C’est le livre du souf­fle. Il doit dire l’étrange pou­voir qui est le sien et trou­ver sa place dans le cœur du lecteur. Mais, avant — tout, sous nos yeux atten­tifs, il déroule avec vivac­ité son écri­t­ure « qui pense ». L’homme roman. Présent sous nos doigts, il nous donne le ver­tige. On pour­rait même le touch­er.  Son his­toire est peut-être celle de la vie, de la lib­erté de la vie  au cen­tre d’un monde  qui nous pré­cip­ite dans la mis­ère. ( mon frère écrivant ruelles et mon grand-père comp­tant et recomp­tant  l’argent  de la retraite…)
Il nous faut lire à haute voix cette quête, prob­a­ble­ment, en la lais­sant s’approcher de nous, à portée de main, à portée d’âme.
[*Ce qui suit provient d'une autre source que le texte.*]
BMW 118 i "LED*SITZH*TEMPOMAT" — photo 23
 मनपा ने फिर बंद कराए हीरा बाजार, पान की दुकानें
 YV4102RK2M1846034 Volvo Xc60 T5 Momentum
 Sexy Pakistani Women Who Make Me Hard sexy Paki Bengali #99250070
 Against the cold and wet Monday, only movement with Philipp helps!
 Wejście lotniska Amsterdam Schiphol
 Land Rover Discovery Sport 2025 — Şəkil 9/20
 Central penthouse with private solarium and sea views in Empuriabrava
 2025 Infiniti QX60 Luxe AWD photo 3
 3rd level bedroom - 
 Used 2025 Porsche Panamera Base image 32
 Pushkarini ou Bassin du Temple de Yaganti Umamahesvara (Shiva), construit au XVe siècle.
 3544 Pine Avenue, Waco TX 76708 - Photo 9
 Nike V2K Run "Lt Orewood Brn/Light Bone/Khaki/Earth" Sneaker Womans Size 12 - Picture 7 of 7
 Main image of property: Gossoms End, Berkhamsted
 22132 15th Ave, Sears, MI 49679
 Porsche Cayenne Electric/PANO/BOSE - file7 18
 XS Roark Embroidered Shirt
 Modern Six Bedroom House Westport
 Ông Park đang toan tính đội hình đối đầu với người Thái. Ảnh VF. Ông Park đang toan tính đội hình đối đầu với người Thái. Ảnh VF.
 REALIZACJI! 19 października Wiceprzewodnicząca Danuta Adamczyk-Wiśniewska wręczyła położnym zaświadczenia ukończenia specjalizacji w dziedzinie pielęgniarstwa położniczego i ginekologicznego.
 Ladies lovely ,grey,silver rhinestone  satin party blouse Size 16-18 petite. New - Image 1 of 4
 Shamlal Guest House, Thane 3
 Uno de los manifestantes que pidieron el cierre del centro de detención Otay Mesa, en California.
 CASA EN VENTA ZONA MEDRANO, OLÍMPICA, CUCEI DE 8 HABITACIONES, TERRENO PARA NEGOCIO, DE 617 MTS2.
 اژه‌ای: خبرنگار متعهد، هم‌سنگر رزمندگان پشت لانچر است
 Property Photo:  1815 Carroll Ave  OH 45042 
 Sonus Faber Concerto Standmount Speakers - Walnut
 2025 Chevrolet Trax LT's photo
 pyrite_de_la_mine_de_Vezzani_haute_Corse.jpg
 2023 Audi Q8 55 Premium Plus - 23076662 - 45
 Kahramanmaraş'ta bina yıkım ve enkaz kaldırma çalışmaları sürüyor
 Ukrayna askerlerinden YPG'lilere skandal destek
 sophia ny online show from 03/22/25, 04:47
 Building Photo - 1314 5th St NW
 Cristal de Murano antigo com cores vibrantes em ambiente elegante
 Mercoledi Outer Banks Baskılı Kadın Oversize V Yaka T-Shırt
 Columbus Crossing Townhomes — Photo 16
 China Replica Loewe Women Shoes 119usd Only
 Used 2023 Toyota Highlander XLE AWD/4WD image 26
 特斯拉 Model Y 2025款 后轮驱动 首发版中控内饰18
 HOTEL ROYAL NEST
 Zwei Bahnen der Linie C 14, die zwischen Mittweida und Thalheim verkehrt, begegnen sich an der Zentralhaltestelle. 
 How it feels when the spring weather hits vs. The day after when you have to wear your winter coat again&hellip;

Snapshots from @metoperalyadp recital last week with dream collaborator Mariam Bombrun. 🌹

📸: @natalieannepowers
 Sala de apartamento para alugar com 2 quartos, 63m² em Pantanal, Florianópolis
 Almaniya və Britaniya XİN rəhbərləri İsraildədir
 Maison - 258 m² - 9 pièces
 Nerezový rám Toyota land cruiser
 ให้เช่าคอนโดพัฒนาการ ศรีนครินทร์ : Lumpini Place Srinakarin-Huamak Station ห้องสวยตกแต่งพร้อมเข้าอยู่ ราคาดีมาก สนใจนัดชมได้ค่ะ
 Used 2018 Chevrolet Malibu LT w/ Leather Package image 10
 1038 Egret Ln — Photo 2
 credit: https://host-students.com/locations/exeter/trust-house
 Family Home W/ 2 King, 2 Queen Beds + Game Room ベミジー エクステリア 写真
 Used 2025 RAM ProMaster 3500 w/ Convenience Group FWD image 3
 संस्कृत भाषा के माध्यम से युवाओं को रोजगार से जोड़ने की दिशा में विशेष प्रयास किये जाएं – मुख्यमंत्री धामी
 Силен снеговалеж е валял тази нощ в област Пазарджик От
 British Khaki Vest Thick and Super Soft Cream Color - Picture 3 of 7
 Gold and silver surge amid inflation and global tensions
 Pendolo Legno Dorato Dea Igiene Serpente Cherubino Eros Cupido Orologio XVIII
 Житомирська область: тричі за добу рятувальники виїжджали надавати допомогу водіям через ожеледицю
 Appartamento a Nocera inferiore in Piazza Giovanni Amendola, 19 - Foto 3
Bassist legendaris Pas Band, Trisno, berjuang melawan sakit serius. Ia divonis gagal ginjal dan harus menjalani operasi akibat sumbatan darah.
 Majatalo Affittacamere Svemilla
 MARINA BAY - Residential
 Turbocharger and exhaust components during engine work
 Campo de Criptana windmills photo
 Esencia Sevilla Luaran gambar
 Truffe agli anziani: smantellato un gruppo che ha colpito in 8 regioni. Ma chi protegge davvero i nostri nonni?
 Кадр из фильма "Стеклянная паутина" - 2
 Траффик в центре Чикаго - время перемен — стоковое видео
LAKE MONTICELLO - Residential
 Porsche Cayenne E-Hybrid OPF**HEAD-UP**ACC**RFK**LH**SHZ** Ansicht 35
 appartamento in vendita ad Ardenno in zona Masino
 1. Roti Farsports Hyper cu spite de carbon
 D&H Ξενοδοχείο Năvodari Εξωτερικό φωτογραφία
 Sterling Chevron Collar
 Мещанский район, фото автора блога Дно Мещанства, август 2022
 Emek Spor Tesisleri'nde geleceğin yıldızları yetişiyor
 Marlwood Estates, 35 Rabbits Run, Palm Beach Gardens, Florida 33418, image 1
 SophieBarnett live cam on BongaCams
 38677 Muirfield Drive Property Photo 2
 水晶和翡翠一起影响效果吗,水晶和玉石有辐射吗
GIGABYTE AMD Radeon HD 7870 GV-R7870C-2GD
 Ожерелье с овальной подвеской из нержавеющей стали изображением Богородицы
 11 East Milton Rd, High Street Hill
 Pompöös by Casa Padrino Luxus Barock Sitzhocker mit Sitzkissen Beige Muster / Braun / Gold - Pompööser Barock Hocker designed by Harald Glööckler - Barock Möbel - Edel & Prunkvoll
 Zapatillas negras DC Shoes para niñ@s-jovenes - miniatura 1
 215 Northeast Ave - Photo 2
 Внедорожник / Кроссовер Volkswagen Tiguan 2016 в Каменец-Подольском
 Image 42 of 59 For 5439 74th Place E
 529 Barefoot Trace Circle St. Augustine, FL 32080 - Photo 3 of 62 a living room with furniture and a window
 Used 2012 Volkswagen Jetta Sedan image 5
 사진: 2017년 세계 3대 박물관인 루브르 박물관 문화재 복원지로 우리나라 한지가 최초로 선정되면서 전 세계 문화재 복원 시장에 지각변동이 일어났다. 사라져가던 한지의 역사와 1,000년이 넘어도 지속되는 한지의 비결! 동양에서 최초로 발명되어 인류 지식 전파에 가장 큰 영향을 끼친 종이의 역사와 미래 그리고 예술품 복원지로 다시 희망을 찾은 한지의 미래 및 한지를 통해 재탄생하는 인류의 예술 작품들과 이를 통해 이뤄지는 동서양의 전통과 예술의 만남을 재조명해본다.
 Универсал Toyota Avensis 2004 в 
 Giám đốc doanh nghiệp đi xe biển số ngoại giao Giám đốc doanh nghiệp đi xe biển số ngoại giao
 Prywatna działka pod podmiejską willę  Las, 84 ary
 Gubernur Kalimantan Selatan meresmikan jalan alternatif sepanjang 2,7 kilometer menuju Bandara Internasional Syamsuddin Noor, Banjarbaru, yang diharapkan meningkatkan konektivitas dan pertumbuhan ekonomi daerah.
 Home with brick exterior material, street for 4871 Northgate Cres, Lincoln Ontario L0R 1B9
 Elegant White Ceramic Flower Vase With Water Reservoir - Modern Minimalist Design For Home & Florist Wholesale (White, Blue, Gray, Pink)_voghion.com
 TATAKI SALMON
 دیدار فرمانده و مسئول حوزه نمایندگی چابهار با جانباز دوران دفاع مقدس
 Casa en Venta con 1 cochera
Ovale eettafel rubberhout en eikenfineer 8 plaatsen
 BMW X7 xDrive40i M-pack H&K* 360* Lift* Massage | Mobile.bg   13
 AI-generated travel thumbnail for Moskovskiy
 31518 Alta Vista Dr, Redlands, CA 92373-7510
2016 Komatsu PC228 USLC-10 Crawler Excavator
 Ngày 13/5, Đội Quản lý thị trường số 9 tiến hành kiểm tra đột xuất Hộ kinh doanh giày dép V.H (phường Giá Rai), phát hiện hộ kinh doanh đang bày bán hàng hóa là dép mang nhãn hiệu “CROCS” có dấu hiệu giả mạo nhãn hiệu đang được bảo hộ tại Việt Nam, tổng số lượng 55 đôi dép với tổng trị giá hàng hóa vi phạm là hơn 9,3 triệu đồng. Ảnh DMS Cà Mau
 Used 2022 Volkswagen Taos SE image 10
Tout est « dedans ». Tout est « dehors ». Quelle vie.  Au fil des pages, rares sont les points de ponc­tu­a­tion qui nous har­cè­lent, sim­ple­ment quelques vir­gules et tirets, parce que  ça ne s’arrête pas de galop­er en nous cet éblouisse­ment fécond, cette larme qui brille, ces mots qui mon­tent comme la marée. Nous sommes emportés, creusés par l’écriture. Cette grande musique du texte  nous irradie. Ecou­tons-là  qui frôle le vis­age de l’enfant de sa puis­sance évocatrice :

« Ce doit être  la fin ou en tout cas quelque chose qui lui ressem­ble à la fin car je ne vois pas la mon­tagne, je vois quelqu’un que je ne con­nais pas, pas mon grand-père, pas mon père, pas mon frère, pas le com­mis en train de me regarder au fond du puits, j’ai même pen­sé que la cou­sine Hort­elin­da  pour me ten­dre une giroflée
‑Bien le moment est venu mon enfant
Avec une peine imper­cep­ti­ble sur son visage »

L’important, dans ce livre, c’est bien l’espace con­quis à la marge, à l’approche du noir aveuglant de la nuit. La forme  con­fère au pro­pos une radieuse nou­veauté. C’est que l’histoire, partagée avec le lecteur,  étrange com­plic­ité de l’auteur avec son vis-à-vis, nous touche par sa pro­fonde humanité.

« D’où  peut bien me venir cette impres­sion que dans la mai­son, alors que rien n’a changé, tout ou presque a disparu ? »

Ain­si débute la nébuleuse de l’insomnie d’António Lobo Antunès. Plus qu’un livre à lire, un grand écrivain à découvrir.